An important factor in determining the best interest of the child as previously alluded to is that the child is living in the common home with his brother and the plaintiff for the past fourteen months ever since the defendant left the common home He is comfortable in that environment and is happy to be with his brother. If he were to be uprooted from this milieu and be placed into the defendant's care it may have a detrimental effect on him and he would have to adjust to his new surroundings and creature comforts' There was no evidence tendered that the child is not coping at school as a result of his parent's separation It appears that both parents share the responsibilities in transporting the child to and from school.


[23] Mr R submitted that the Family counsellor referred to the doctrine of same sex matching in paragraph 8.10 of her report and noted that the children enjoy the company of the defendant, as they enjoy common activities. He submitted that this was an important factor which the court should consider when it determines the issue of primary care. Whilst it it a factor which I must consider I should not look at the diverse factors in isolation but rather take the totality of factors into consideration in determining this issue.


[24] In my view it would be in the best interest of the minor child if primary care and responsibilities were awarded to the plaintiff as she sacrificed her professional or career interest in order to have primary care of the minor child.

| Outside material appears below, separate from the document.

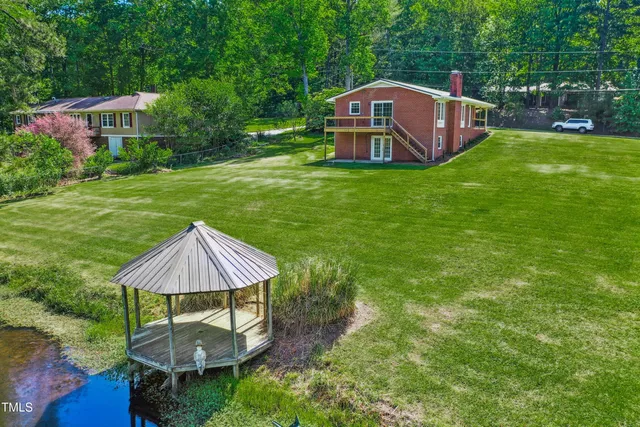 a aerial view of a house with backyard and pool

This coupled with what is stated in para [22] above leads me to believe that the plaintiff is sincere in her quest to obtain primary residency of the minor child and that she has not mast her sails to suit the wind. It is my considered opinion that she has sincerely made the necessary changes in order to qualify to have the minor child live with her. Having said this it would be just and equitable in the circumstances of this case to grant the defendant liberal visitation rights to the minor child as he had demonstrated that he is equally suited to have the child. He set with the child supervising his homework; cooked for the child, fetched and dropped the child from and to school and has a loving and caring relationship with the minor and B.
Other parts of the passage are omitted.